Jean-Philippe Vassal (; born 22 February 1954) is a French architect and academic. He runs the architectural practice Lacaton & Vassal, with Anne Lacaton. The pair were jointly awarded the 2021 Pritzker Architecture Prize.

Early life and education 
Vassal was born 1954 in Casablanca during the French Protectorate of Morocco. He graduated from the École nationale supérieure d'architecture et de paysage de Bordeaux in 1980. After graduating, he spent five years in Niger as an architect and town planner.

Architectural practice 

Vassal founded the practice Lacaton & Vassal with Anne Lacaton in Bordeaux in 1987, which moved to Paris in 2000. The work of Lacaton & Vassel focuses on reduced-cost construction. Lacaton & Vassel carried out many international projects in the area of housing. They accomplish the high-profile renovation of the Palais de Tokyo in Paris.

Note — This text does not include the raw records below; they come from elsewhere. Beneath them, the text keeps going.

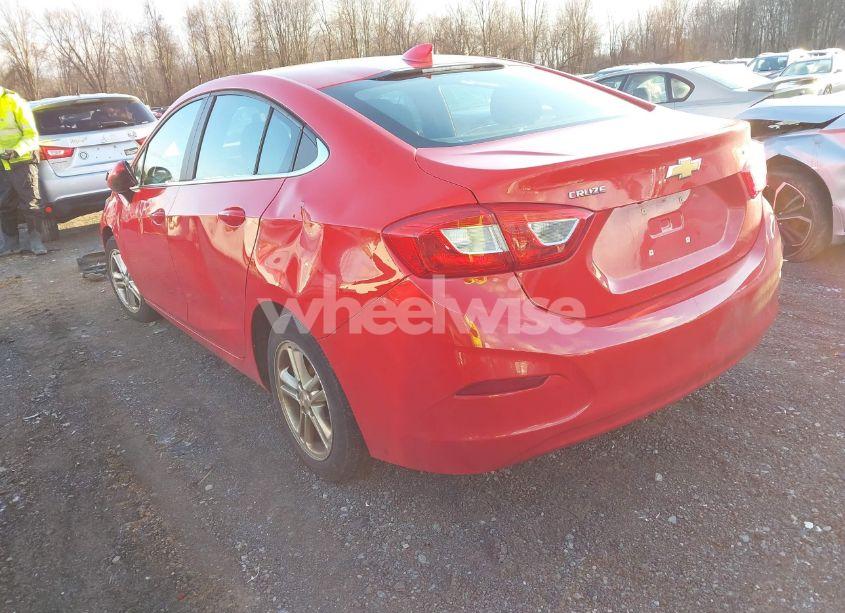 Photo 3 of 2017 Chevrolet Cruze LT AUTO (VIN 1G1BE5SM5H7262194)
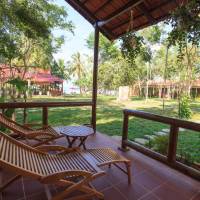 Deluxe Side Seaview Bungalow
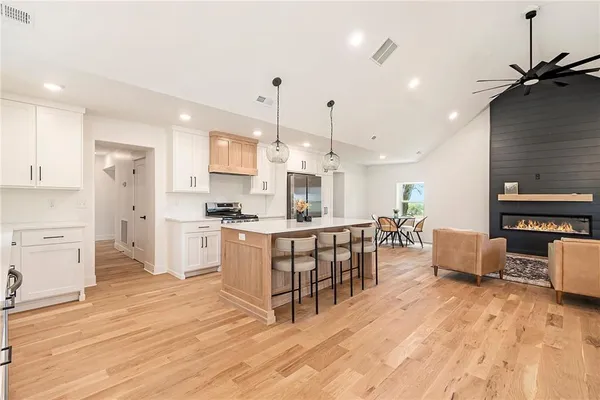 $675,000 | 52 Southeast 208th Street, Holt, MO 64048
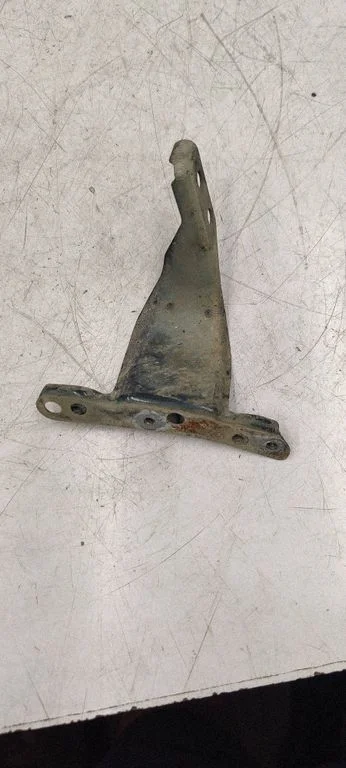 Fender mounting bracket 8E0821136A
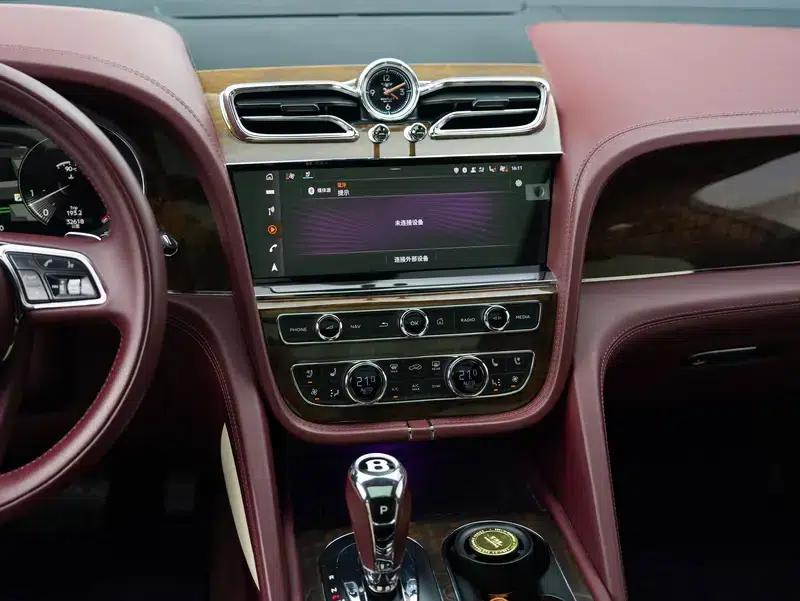 Bentayga 2021 4.0T V8 — миниатюра 14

In 2019 the Grand Parc Bordeaux (with Frédéric Druot and Christophe Hutin) was selected winner of the European Union's 2019 Mies van der Rohe Award, for the best contemporary architecture in Europe.

The French architects, who are based in the Paris suburb of Montreuil, believe that every structure can be repurposed, reinvented, reinvigorated.

Academic career 
Vassal has been visiting professor at institutes such as the Architecture School of Versailles (2002–2006), the École Polytechnique Fédérale de Lausanne (EPF Lausanne; 2010–11), the Technische Universität Berlin (TU Berlin; 2007–10) and Universität der Künste Berlin (UDK Berlin; since 2012).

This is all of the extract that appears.